━━━ RECORD EXTRACTS ━━━

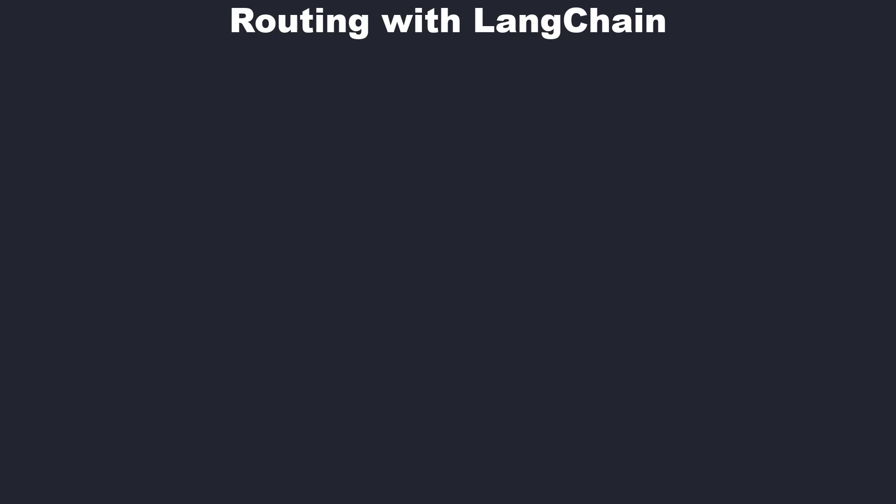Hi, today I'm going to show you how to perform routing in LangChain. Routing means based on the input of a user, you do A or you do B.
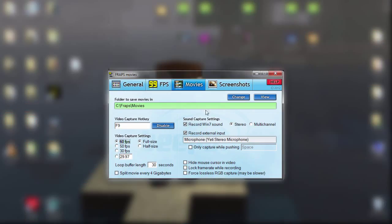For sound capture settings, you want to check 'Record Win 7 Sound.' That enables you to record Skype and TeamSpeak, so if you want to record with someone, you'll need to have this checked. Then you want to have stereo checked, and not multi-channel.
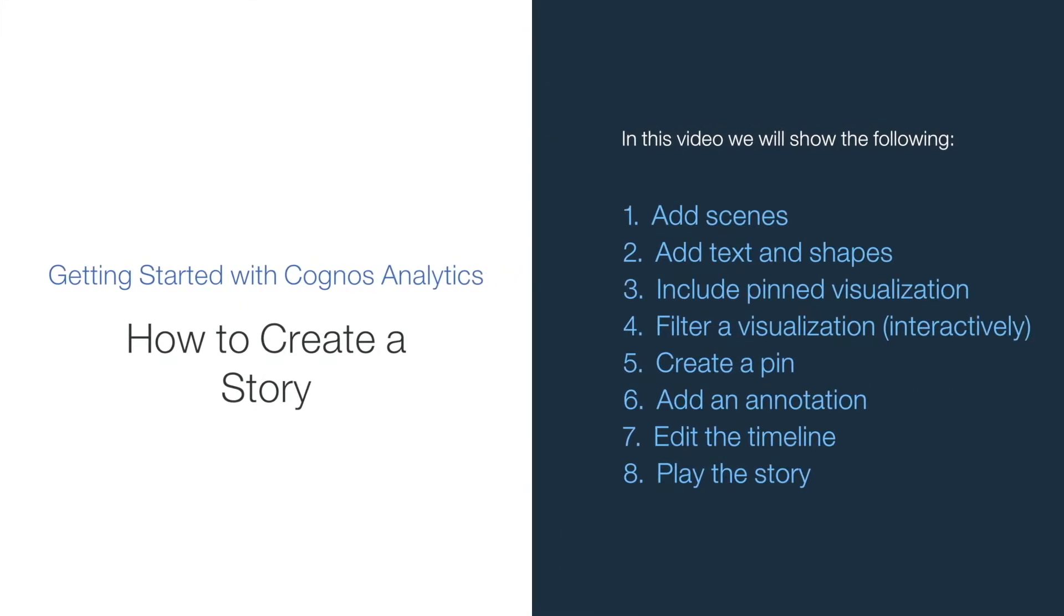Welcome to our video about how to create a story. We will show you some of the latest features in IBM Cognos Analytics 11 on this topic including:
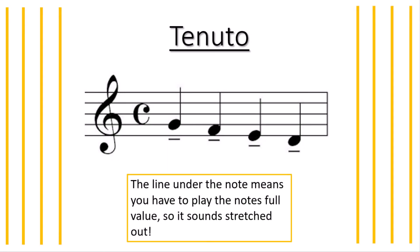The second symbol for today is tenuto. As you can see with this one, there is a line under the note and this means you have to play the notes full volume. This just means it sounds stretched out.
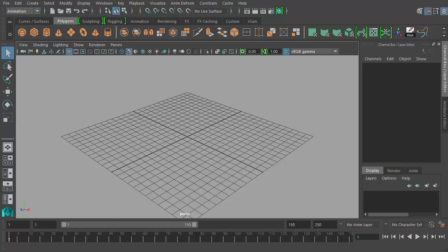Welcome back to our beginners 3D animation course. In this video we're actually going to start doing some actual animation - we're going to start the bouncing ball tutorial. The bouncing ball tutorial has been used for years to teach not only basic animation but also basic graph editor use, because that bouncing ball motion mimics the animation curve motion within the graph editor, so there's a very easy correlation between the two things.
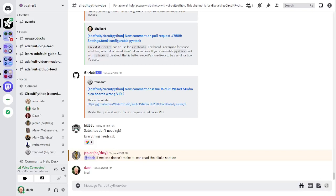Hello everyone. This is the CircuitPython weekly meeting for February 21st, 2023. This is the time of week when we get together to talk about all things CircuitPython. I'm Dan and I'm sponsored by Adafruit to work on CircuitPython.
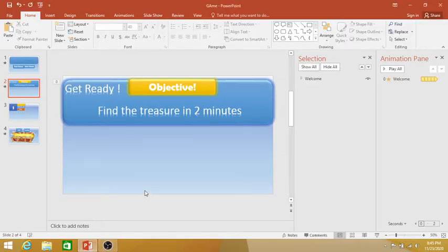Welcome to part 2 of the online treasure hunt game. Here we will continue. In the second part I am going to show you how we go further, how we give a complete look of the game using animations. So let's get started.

━━━

BRIEF -> Omitting all images, retype each line of the records precisely.

RESULT BELOW ->
Hi, today I'm going to show you how to perform routing in LangChain. Routing means based on the input of a user, you do A or you do B.
For sound capture settings, you want to check 'Record Win 7 Sound.' That enables you to record Skype and TeamSpeak, so if you want to record with someone, you'll need to have this checked. Then you want to have stereo checked, and not multi-channel.
Welcome to our video about how to create a story. We will show you some of the latest features in IBM Cognos Analytics 11 on this topic including:
The second symbol for today is tenuto. As you can see with this one, there is a line under the note and this means you have to play the notes full volume. This just means it sounds stretched out.
Welcome back to our beginners 3D animation course. In this video we're actually going to start doing some actual animation - we're going to start the bouncing ball tutorial. The bouncing ball tutorial has been used for years to teach not only basic animation but also basic graph editor use, because that bouncing ball motion mimics the animation curve motion within the graph editor, so there's a very easy correlation between the two things.
Hello everyone. This is the CircuitPython weekly meeting for February 21st, 2023. This is the time of week when we get together to talk about all things CircuitPython. I'm Dan and I'm sponsored by Adafruit to work on CircuitPython.
Welcome to part 2 of the online treasure hunt game. Here we will continue. In the second part I am going to show you how we go further, how we give a complete look of the game using animations. So let's get started.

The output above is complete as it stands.